Token saham ini pada dasarnya adalah representasi digital dari pergerakan harga saham dan Exchange Traded Funds (ETF) yang terdaftar di bursa Amerika Serikat. Hal ini memungkinkan investor untuk mendapatkan eksposur terhadap aset-aset tersebut tanpa harus melalui proses kepemilikan saham secara langsung.
Salah satu keunggulan utama dari stock token di Robinhood Chain adalah kemampuannya untuk diperdagangkan secara on-chain. Artinya, transaksi dapat dilakukan langsung di blockchain, menghilangkan ketergantungan pada sistem perbankan dan kliring tradisional yang seringkali memakan waktu.
Lebih lanjut, para pengguna dapat melakukan aktivitas perdagangan ini selama 24 jam penuh, setiap hari dalam seminggu. Fleksibilitas waktu ini sangat berbeda dengan jam perdagangan bursa saham konvensional yang memiliki batasan waktu operasional.
Kehadiran stock token ini juga membuka pintu bagi mereka yang sebelumnya terkendala oleh persyaratan kepemilikan rekening broker konvensional. Dengan sistem yang terdesentralisasi, proses partisipasi di pasar modal menjadi lebih mudah diakses oleh berbagai kalangan investor.
Inovasi ini memungkinkan terciptanya ekosistem keuangan yang lebih terbuka, di mana aset-aset tradisional dapat diintegrasikan dengan teknologi blockchain. Hal ini membuka potensi baru untuk likuiditas dan efisiensi dalam perdagangan aset.

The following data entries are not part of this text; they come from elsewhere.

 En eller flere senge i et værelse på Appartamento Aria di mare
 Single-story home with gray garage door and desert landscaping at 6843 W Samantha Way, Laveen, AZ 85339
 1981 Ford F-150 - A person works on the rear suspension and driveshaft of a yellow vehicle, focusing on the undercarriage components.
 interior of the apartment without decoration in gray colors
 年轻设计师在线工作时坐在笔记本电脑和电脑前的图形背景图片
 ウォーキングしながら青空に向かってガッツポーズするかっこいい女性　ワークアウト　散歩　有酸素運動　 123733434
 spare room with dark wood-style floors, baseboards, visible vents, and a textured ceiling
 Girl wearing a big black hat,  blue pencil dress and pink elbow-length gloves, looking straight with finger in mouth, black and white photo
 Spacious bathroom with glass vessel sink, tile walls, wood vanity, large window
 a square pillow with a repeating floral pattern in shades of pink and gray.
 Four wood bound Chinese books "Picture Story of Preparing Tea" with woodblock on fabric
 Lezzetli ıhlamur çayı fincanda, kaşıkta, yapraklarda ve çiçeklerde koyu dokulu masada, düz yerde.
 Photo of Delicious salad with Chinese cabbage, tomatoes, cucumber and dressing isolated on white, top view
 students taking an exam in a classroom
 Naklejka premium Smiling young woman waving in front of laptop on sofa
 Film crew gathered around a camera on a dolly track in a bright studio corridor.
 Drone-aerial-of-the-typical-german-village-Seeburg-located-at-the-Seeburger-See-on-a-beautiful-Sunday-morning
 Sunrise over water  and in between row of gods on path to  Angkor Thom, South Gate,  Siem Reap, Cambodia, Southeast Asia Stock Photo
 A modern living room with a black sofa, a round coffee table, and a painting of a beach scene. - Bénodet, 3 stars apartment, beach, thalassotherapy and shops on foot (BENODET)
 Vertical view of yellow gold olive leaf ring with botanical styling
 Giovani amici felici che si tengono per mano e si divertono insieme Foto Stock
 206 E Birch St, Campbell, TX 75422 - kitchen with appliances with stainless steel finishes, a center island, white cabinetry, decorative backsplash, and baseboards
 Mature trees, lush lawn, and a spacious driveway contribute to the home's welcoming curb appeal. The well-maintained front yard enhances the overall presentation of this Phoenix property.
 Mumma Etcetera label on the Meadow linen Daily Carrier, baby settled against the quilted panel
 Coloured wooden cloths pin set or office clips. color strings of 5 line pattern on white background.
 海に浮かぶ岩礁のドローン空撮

Dikutip dari sumber asli, "Stock token di Robinhood Chain adalah token ERC-20 yang merepresentasikan eksposur harga terhadap saham dan ETF Amerika Serikat, sehingga kamu bisa memperdagangkannya secara onchain selama 24 jam tanpa perlu memiliki rekening broker konvensional."
Konsep ini secara fundamental mengubah cara pandang terhadap investasi saham, menawarkan alternatif yang lebih modern dan adaptif terhadap perkembangan teknologi finansial global. Potensi dampaknya terhadap inklusi keuangan dan efisiensi pasar masih terus diteliti.